Nostalgia For the Light by Patricio Guzman 90 minutes 2010
How much better the world appears when one can look over the shoulder of a fine cinematographer. Beauty lies waiting to be uncovered in every corner, it’s just a question of time, the time it takes to set up a shot, to establish a position, a frame from which to begin noticing where the light is falling. Four minutes float past without a word spoken, right off the top of the movie, and when at last language enters the room, the speaker is nowhere to be seen, instead, a series of glowing nostalgia shots offer us views of home as it might have been, pressed under glass like specimens.

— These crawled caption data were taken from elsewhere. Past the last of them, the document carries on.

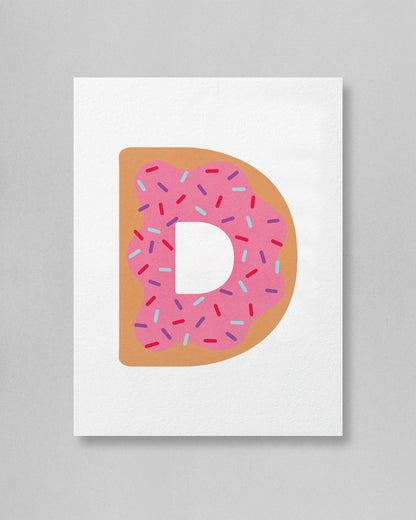 Letter 'D' shaped like a donut with pink icing and sprinkles on a white background
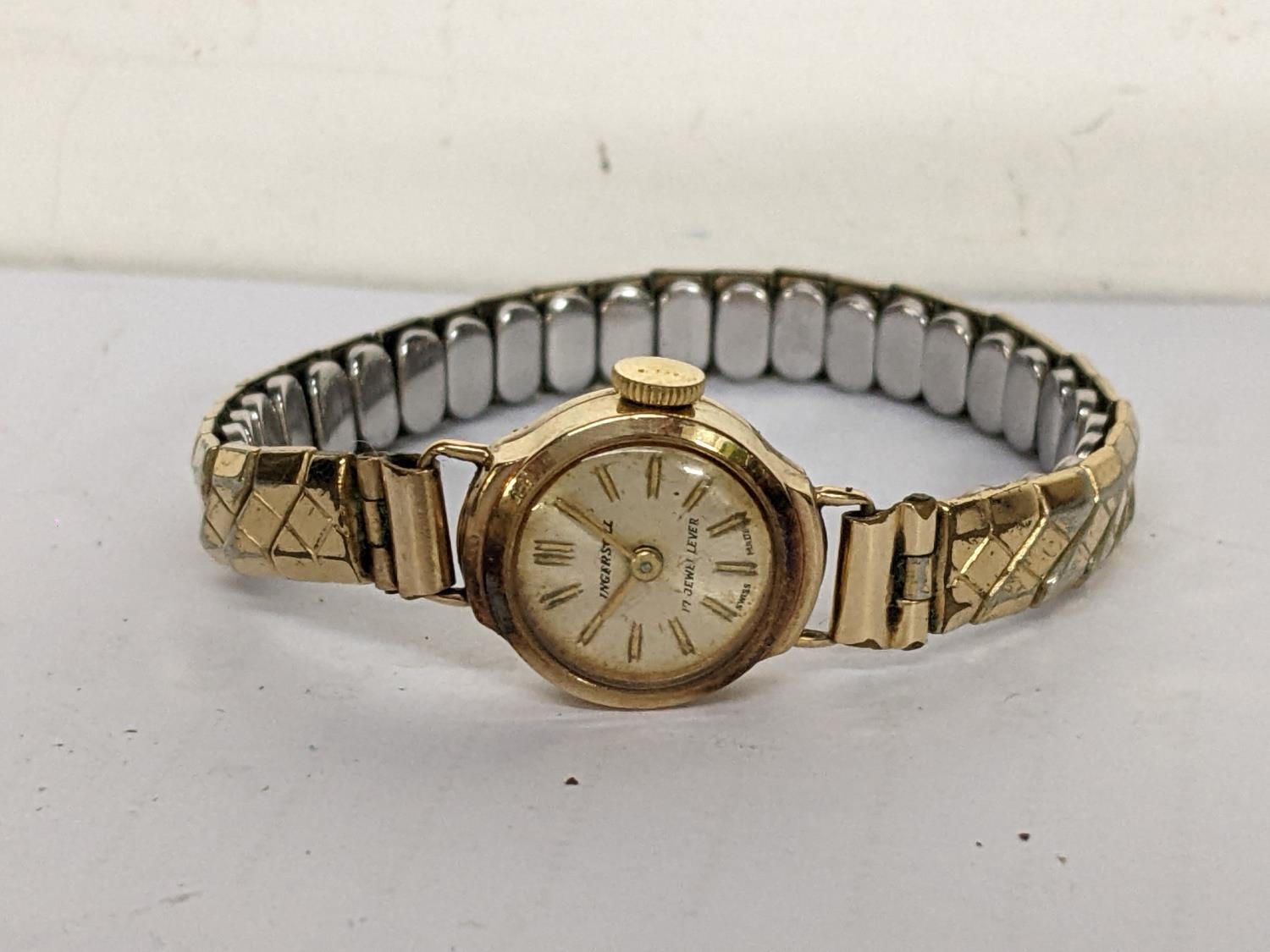 A 9ct gold vintage Ingersol ladies wristwatch on a later expanding bracelet Location: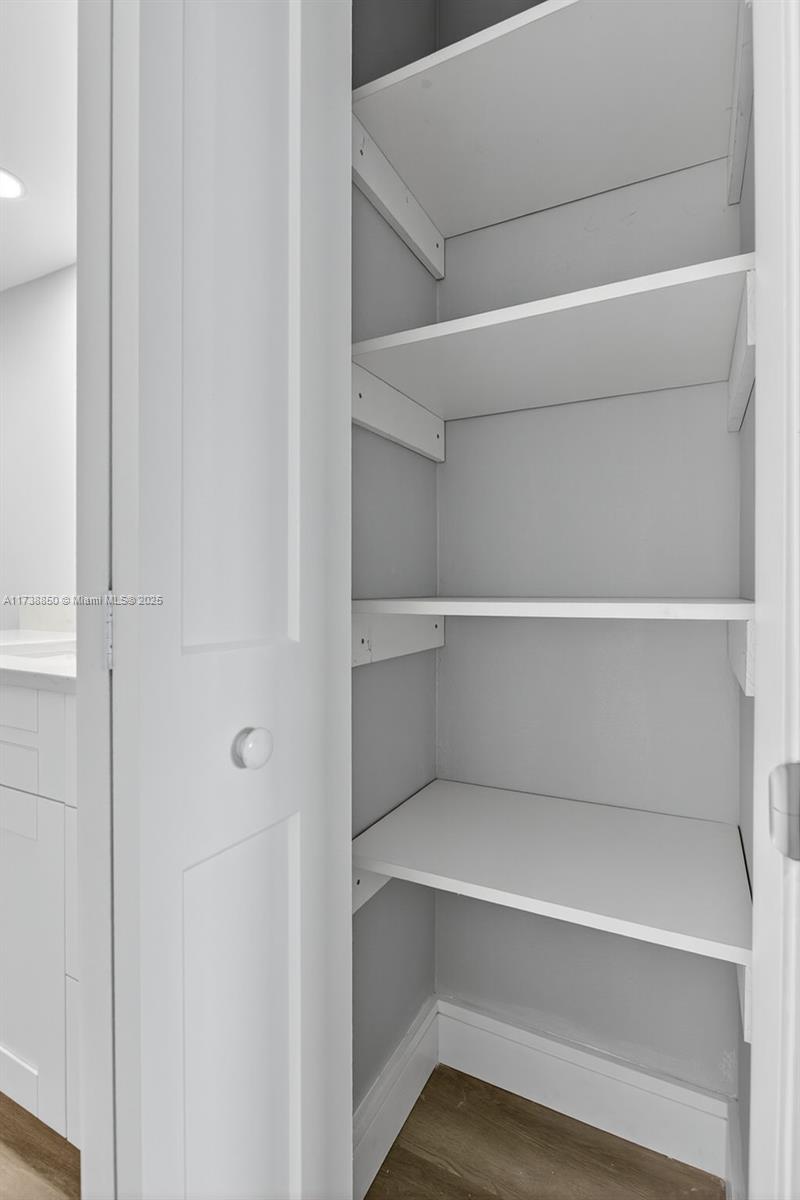 3004 Northeast 5th Terrace, Unit 214C Wilton Manors, FL 33334 - Photo 36 of 99 a view of walk in closet with empty racks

“The astronomers created an enormous telescope to bring two seemingly incompatible things closer: the origins of everything and the past of everything we are today.”

Celestial seasons mingle with petroglyph journeys carved out into desert rocks. Why Chile I wonder? Is it true, as the old world voice-over poetically intones, that these skies were kissed by the Gods? The dry climate appears ideal for finding traces of the earth’s past, while the skies are clear enough to grant views of light so distant that these stars have already died before they reach the eye of the telescope.

Beneath the cinematographer’s glassy stare, the spoons dance, the train flows through the Atacama desert, the Indigeneous worker graves lie windswept and abandoned on the high desert plain, and the concentration camp victims of Pinochet are gilded in star dust. Women sift through the desert sand, looking for remains of those they have lost. Like all beauty, this one is heartbreaking, sometimes unbearable, even at the stately distances this camera is most comfortable with.

“What did you find of your brother?”

“A foot. It was still in his shoe. Some of his teeth. I found part of his forehead, his nose, nearly all of the left side of his skull. The bit behind the ear with a bullet mark. The bullet came out here.”

This is the terrible poetry of memory. Filled always with necessary returns, these survivors speak out against the repressions of Chile’s feared dictator and the police that are always ready, in country after country, to say yes to power. Thousand were punished, kidnapped and tortured and buried in mass graves here in the desert. Many of these graves were dug up by the regime and bulldozed into the ocean, but these excavations occasionally left spillage, evidence and grief memorials for the ones who escaped the death squads. These sunburnt survivors insist on speaking their unbearable truths, looking at what can’t be looked at. They have dedicated their lives to searching, and bringing their evidence forward so that the magicians of cinema will offer one last conjuring trick, and let these memories live.